Senior GCP SRE - ELK
EPAM Systems, Inc.
EPAM is a leading global provider of digital platform engineering and development services. We are committed to having a positive impact on our customers, our employees, and our communities. We embrace a dynamic and inclusive culture. Here you will collaborate with multi-national teams, contribute to a myriad of innovative projects that deliver the most creative and cutting-edge solutions, and have an opportunity to continuously learn and grow. No matter where you are located, you will join a dedicated, creative, and diverse community that will help you discover your fullest potential.
We are seeking a Senior GCP SRE - ELK to join a B2B parts business undergoing commerce and digital transformation.
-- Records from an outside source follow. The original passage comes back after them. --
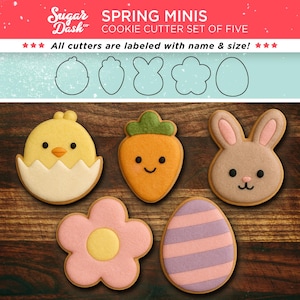 May include: Set of five spring-themed cookie cutters. The cutters are shaped like a chick in an egg, a carrot, a bunny, a flower, and an egg with stripes. The cutters are made of metal and are labeled with their name and size.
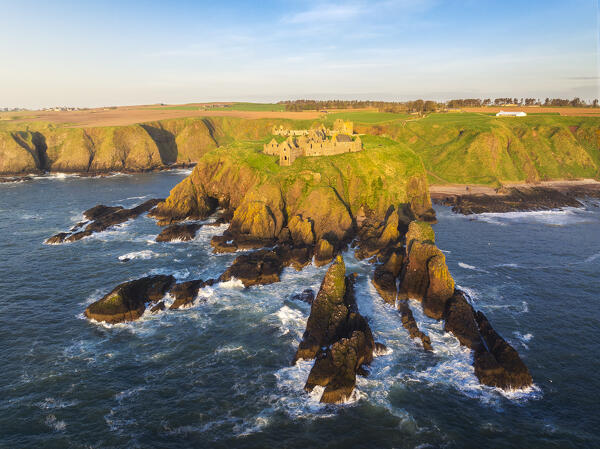 Aerial view of Dunnnottar Castle at sunrise, Stonehaven, Aberdeenshire, Scotland, United Kingdom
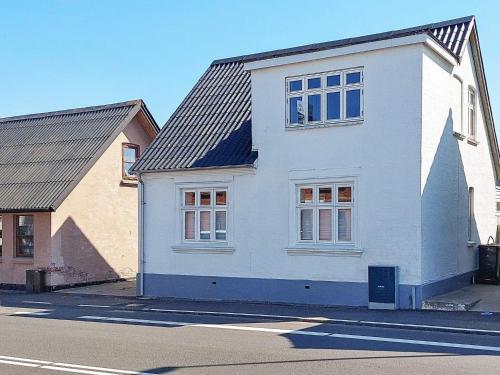 6 person holiday home in Frederikshavn في فريكشهاون: بيت ابيض على جانب شارع
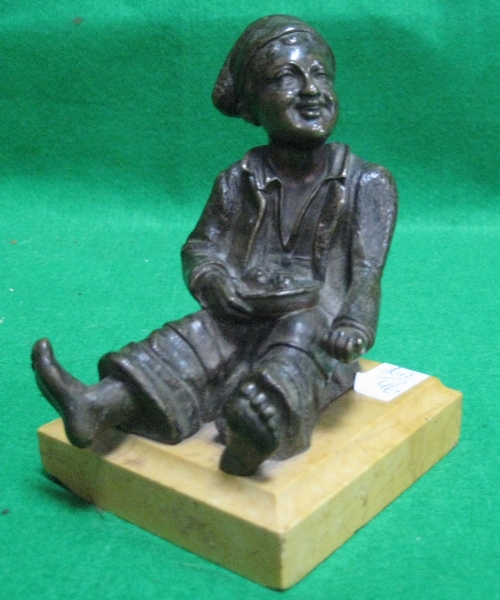 A late 19th Century bronze of a seated beggar boy on marble base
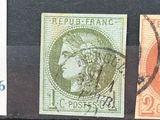 three different colored stamps on a black surface, one with a woman ' s head and one with a man ' s head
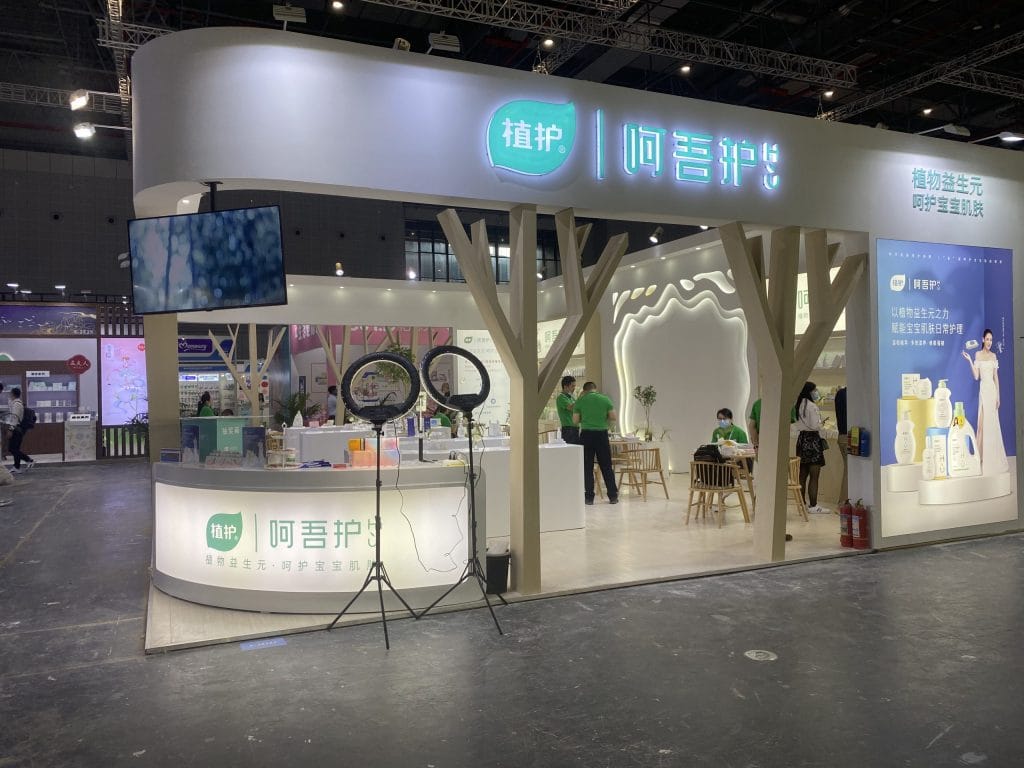 Live trade show booth: curved walls, glowing signs, tree-like pillars, and people. Ring lights visible.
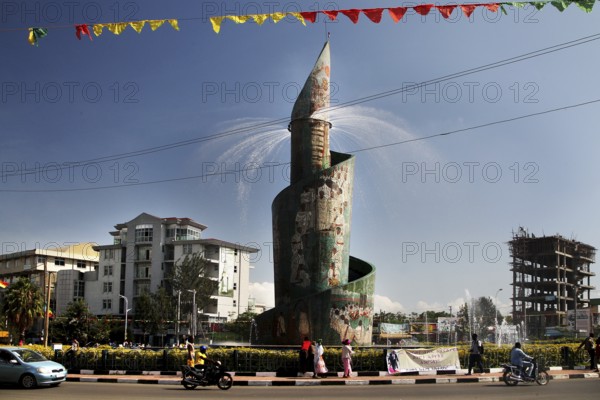 Monument in an urban environment with water fountain and flags, Awassa, Sidama, Ethiopia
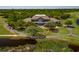 Aerial view of luxurious home with expansive backyard, golf course, and pond views at 486 Lantana Circle, Georgetown, SC 29440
In this client-facing role, you will support the platform COE within a DevOps/SRE function, working with teams across both the Americas and Belgium to build and maintain scalable, secure and reliable cloud infrastructure.
Responsibilities
- Design, implement and manage scalable and secure cloud infrastructure on Google Cloud Platform (GCP)
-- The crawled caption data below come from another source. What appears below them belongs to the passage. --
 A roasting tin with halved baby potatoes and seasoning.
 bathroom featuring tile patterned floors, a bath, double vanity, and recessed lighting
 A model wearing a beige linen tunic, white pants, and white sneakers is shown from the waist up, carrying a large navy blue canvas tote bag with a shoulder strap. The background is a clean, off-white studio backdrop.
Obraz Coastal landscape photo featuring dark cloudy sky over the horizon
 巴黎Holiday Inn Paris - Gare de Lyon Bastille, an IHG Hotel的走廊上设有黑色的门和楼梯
- Optimization of GCP resources for performance, cost and reliability
- Monitor and troubleshoot GCP services to ensure high availability and performance
- Deploy, manage and scale containerized applications using Google Kubernetes Engine (GKE)
- Implementation and maintenance of Kubernetes clusters, ensuring proper configuration and security
- Utilize Helm for package management and deployment of applications on Kubernetes
- Develop and maintain CI/CD pipelines using tools such as Jenkins, ArgoCD and GitLab to automate application deployment and infrastructure provisioning
- Collaborate with development teams to integrate CI/CD practices into the software development lifecycle
- Implementation of monitoring solutions using Prometheus, Grafana and ElasticSearch to track application performance and system health
- Set up logging and tracing mechanisms to facilitate troubleshooting and performance optimization
- Administer and optimize Confluent Kafka clusters deployed across both SaaS and on-premises environments to ensure high availability, fault tolerance and continuous data streaming
- Development and maintenance of automation scripts and tools for deployment, scaling and monitoring of Kafka services
- Investigate and resolve operational incidents, minimizing downtime and service disruption
- Collaborate with cross-functional teams to gather requirements and provide technical guidance on cloud and containerization best practices
- Documentation of architecture, processes and procedures to ensure knowledge sharing and compliance with best practices
Requirements
- 4-10 years of experience in a DevOps or SRE role
- Production expertise in Google Cloud Platform (GCP)
- Proficiency in Kubernetes (GKE, Helm)
- Background in managing Confluent Kafka Platform across SaaS and inhouse instances
- Competency in CI/CD tools (Jenkins, ArgoCD)
- Skills in logging, metrics and tracing (Prometheus, ElasticSearch, Grafana)
- Familiarity with Kibana
- Very good English level for a client-facing role with stakeholders in both Americas and Belgium
We offer
- Opportunity to work on technical challenges that may impact across geographies
- Vast opportunities for self-development: online university, knowledge sharing opportunities globally, learning opportunities through external certifications
- Opportunity to share your ideas on international platforms
- Sponsored Tech Talks & Hackathons
- Unlimited access to LinkedIn learning solutions
- Possibility to relocate to any EPAM office for short and long-term projects
- Focused individual development
- Benefit package:
- Health benefits
- Retirement benefits
- Paid time off
- Flexible benefits
- Forums to explore beyond work passion (CSR, photography, painting, sports, etc.)